Quand on pose la question « qui dirige la France ? », l’image qui vient à l’esprit est le plus souvent celle du Président de la République (Manu, si tu nous lis).
Mais, et le Premier ministre ? C’est quand même lui le chef du gouvernement, donc le chef de l’exécutif. LE chef ? Non, UN des chefs de l’exécutif. Le Président et le Premier ministre se partagent les compétences : si le Premier ministre est le chef du gouvernement, le Président est lui le chef de l’Etat. Dans un monde parfait, ce partage serait clair, équitable et sans ambiguïté. Mais nous ne sommes pas dans un monde parfait.
C’est la Constitution de 1958 qui définit les rôles de chacun, or le texte est suffisamment vague pour donner libre cours à l’interprétation de chaque Président et ainsi favoriser le travail collaboratif, la franche camaraderie, mais aussi (surtout) les tensions internes et rapports de force.
Et De Gaulle… créa la Ve République
Pourquoi, me direz-vous, les rédacteurs de la Constitution ne l’ont-ils pas fait plus précis ce foutu texte ? C’était bien la peine de réunir le gratin politique de l’époque pendant des mois pour finir avec un ensemble d’articles vagues propices aux discordes au sommet de l’Etat. Avant d’envisager un lynchage public posthume, il faut se remettre dans le contexte de 1958 qui n’a rien à voir avec celui d’aujourd’hui.
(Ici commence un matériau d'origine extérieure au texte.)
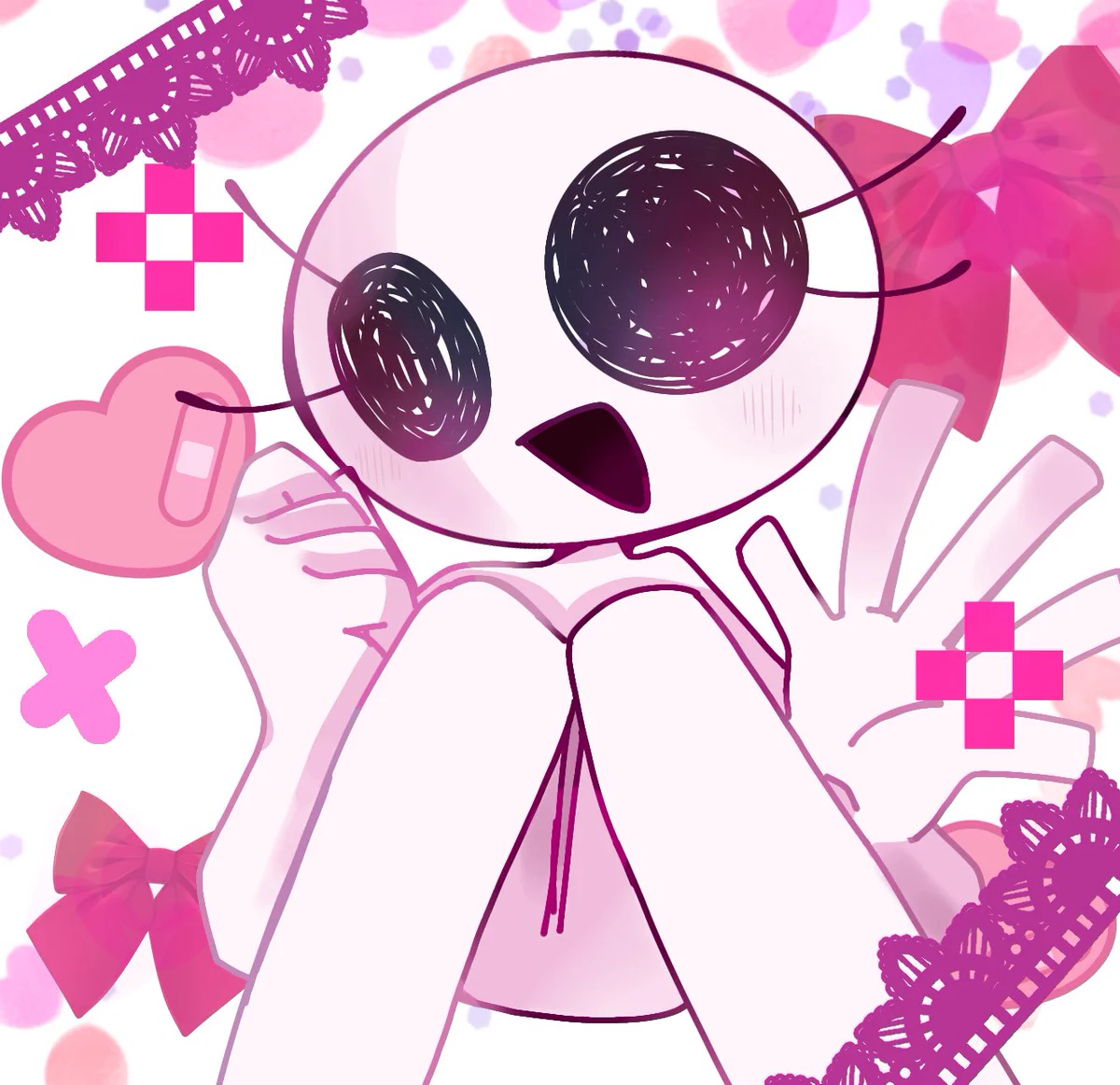 EXマリマリ on X:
L’économie, en peine mutation, est alors de plus en plus florissante dans cette période des Trente Glorieuses, et pourtant les gouvernements de la IVe République ne tiennent chacun que quelques mois du fait des jeux d’alliance à l’Assemblée nationale. A l’époque c’est en effet l’Assemblée qui contrôle l’exécutif ; le moindre changement d’alliance dans l’hémicycle signifie donc un changement de gouvernement. 24 gouvernements en 11 ans d’une durée de 1 jour à 16 mois. Niveau stabilité politique, on a fait mieux… D’autant que la France est à cette même période embourbée dans des mouvements de décolonisation plus ou moins pacifiques.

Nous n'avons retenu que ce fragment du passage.